Cyproheptadine is a serotonin and histamine antagonist with sedative property. It finds clinical application in stimulating the appetite and growth. The appetite stimulating effect of cyproheptadine is probably a consequence of serotonin antagonism.
It antagonizes the satiety stimulating effects of serotonin on the satiety center.
Weight gain and increased growth in children that have been observed with cyproheptadine can be attributed to an interference with regulation of the secretion of growth hormone.
Peptone is a rich source of not only essential but also of other amino acids. Lysine is an essential amino acid, which is required for the growth.
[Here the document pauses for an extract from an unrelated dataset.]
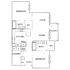 Chic floor plan with 2 elegant bedrooms, spacious living and dining area, modern kitchen, and a charming balcony.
A diet consisting mainly of rice or wheat is largely deficient in lysine and has to be supplemented.
Oraxin Syrup is indicated for loss of appetite, weight loss, anorexia nervosa and as an adjunct to antitubercular and antiretroviral regimens for weight gain.
• Use of Oraxin Syrup is contraindicated in newborn or premature infants.
• Because of the higher risk of antihistamines, newborns and prematures in particular, antihistamine therapy is contraindicated in nursing mothers.
• Other contraindications to Oraxin Syrup include hypersensitivity to any ingredient of formulation, angle-closure glaucoma, stenosing peptic ulcer, symptomatic prostatic hypertrophy, bladder neck obstruction and pyloroduodenal obstruction.
Cyproheptadine has an atropine-like action and therefore, should be used with caution in patients with history of bronchial asthma, increased intraocular pressure, hyperthyroidism, cardiovascular disease and hypertension.
Antihistamines may diminish mental alertness; conversely, particularly, in a young child, they may occasionally produce excitation. Patients should be warned about engaging in activities requiring mental alertness and motor co-ordination.
Overdose of antihistamines, particularly in infants and children, may produce hallucinations, central nervous system (CNS) depression, convulsions and death. Antihistamines are more likely to cause dizziness, sedation and hypotension in elderly patients.
Monoamine oxidase (MAO) inhibitors prolong and intensify the anticholinergic effects of antihistamines.
Oraxin Syrup may have additive effects with alcohol and other CNS depressants, e.g., hypnotics, sedatives, tranquilizers, antianxiety agents.
Adverse reactions associated with Oraxin Syrup can be attributed to cyproheptadine.
These may Include sedation (often transient), dizziness, disturbed co-ordination, confusion, restlessness; rash, urticaria; blurred vision, diplopia, vertigo, tinnitus; hypotension, palpitations, tachycardia; dryness of mouth, anorexia, diarrhoea, constipation, urinary retention; dryness of nose and throat and thickening of bronchial secretions.
Dosage & Administration
Below 3 years – 2.5 mL twice daily,
4-7 years – 2.5 mL thrice daily,
7-14 years – 5 mL thrice daily.
10 mL thrice daily.
With Oraxin Syrup overdosage reactions may vary from CNS depression to simulation especially in children. Also, atropine-like signs and symptoms as well as gastrointestinal symptoms may occur.
If vomiting has not occurred spontaneously, the patient should be induced to vomit with syrup of ipecac.
If patient is unable to vomit, perform gastric lavage followed by activated charcoal. Isotonic saline is the lavage of choice.
Precautions against aspiration must be taken especially in infants and children. When life threatening CNS signs and symptoms are present, intravenous physostigmine salicylate may be considered.
Dosage and frequency of administration are dependent on age, clinical response and recurrence after response. Saline cathartics, as milk of magnesia, by osmosis draw into the bowel and therefore, are valuable for their action in rapid dilution of bowel content. Stimulants should not be used.
Vasopressors may be used to treat hypotension. The oral LD50 of cyproheptadine is 123 mg/kg, and 295 mg/kg in the mouse and rat, respectively.
Store at temperature between 15 – 30°C in a dark place.
Keep medicines out of the reach of children.